Ce "pour tous", il faut y venir encore. Voilà bien la devise progressiste : "pour tous !". Ce cri de guerre pour qu'il se fasse entendre, suppose l'existence a priori de droits réservés. Le "pour tous" réclame que les droits réservés soient l'apanage de tous, qu'il n'existe plus de situations particulières justifiant des droits particuliers. Aussi, le fondement du "pour tous" est l'envie, et parfois la jalousie. Le "pour tous" socialiste déconnecté de ce qui pourrait le rendre légitime devient la devise de tous les égotismes possibles, le slogan des pires narcissismes. On pourrait dire que ce "pour tous" n'est qu'une version déguisée du "pour moi'. Mais comme le socialisme nous inculque qu'il n'est pas bien de se battre pour soi seul, on préférera "pour tous" au "pour moi".

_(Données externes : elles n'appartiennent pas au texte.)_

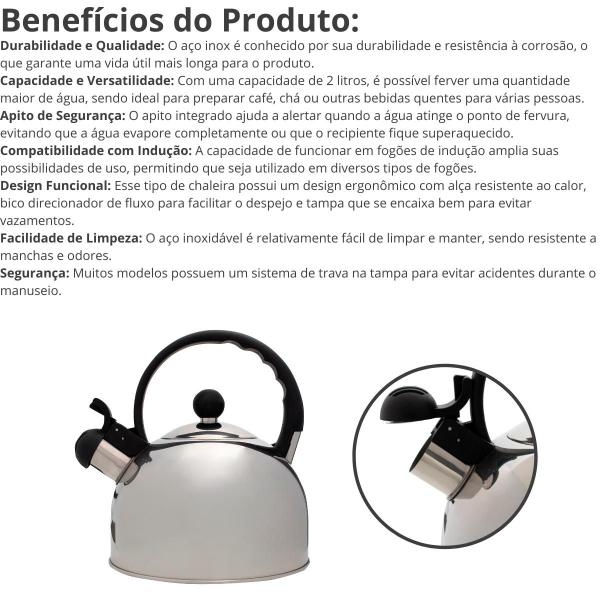 Imagem de Chaleira 2 Litros Aço Inox Com Apito Para Café Chá Indução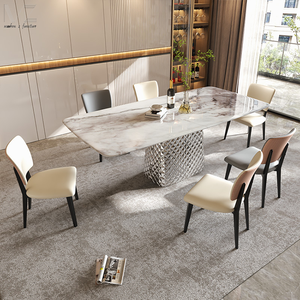 Kim cương Tulip Dinning bảng đá cẩm thạch màu đen đầy đủ kim loại khung eettafels đồ nội thất bằng đá cẩm thạch bảng Top hiện đại phòng ăn bảng để bán - Product Image 2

Pardonnez-moi si dans ce "pour tous", je vois encore quelque chose de chrétien. Le Christ offre sa vie "pour la multitude". Ce "pro multis" l'Eglise, à la différence des courants hétérodoxes, l'a toujours interprété comme étant un "pour tous" et non un "pour beaucoup". Le Christ, donc, offre sa vie pour tous, pour le salut de tous. Ce qui est remarquable ici, c'est le lien entre un seul et "la multitude". Le christianisme - qu'il soit vrai ou non, là n'est pas la question - établi un lien entre "un seul" et "pour tous" : un seul donne sa vie pour tous, le "pour tous" dépend donc du don d'un seul. Le salut des tous dépend donc de l'exemplarité d'un seul. Un seul se sacrifie pour que tous soient sauvés. Aussi le lien social que l'Eglise établissait, et elle le faisait en raison même de ce qu'elle pensait être sa révélation, est paradoxal : l'exemplarité d'un seul le fondait et en même temps ce "un seul" était dépassé par le nécessaire salut de tous. Dés lors, le chrétien était celui qui suivait cet exemple de don : je me donne pour tous ou à tous. La communauté donc prenait naissance dans le don des individualités.
La communauté inaugurée par le socialisme ne fonctionne pas. Pour elle, le don n'est même pas envisagé. On part du principe que quelque chose qui appartient à l'autre, m'échappe : il faut donc soit le lui prendre, soit qu'il soit partagé. Le rapport entre " un seul" et "pour tous" est gommé, puisque il n'y a plus, à vrai dire, de "un seul", le "moi" que je pourrais donner et, disons-le, sacrifier n'existe plus que comme revendicateur de ce qu'à l'autre, de ce qu'est l'autre. Aussi le "pour tous" n'est que le jeu de miroir à l'infini ou "un seul" regarde un autre "un seul", l'envie, le jalouse aujourd'hui, le tuera, peut-être, demain.

Je termine. Le socialisme n'existe pas seulement comme parti ou somme doctrinale. Il s'est répandu comme l'huile d'un flacon renversé. Je le disais : nous sommes tous socialistes. La droite elle-même a versé dans le psychodrame sentimental du socialisme. La droite - une certaine droite du moins - est le contrefort du socialisme. Il est parfaitement impossible que nous ne soyons pas atteints par le progressisme.
Vous voyez donc, cher Robert, que je ne suis pas si éloigné de vous. Même ne partageant pas votre enthousiasme, ou votre dépit - je n'ai jamais bien su - je vous suis proche. Mon âme, que voulez-vous !, s'est imbibée d'idées socialistes. Je tente de les débusquer, de les soumettre à une question toute personnelle, et si elles tiennent, je les fait volontiers miennes, mais la plus part abjurent.

Croyez, bien cher Robert, à mon amitié fidèle.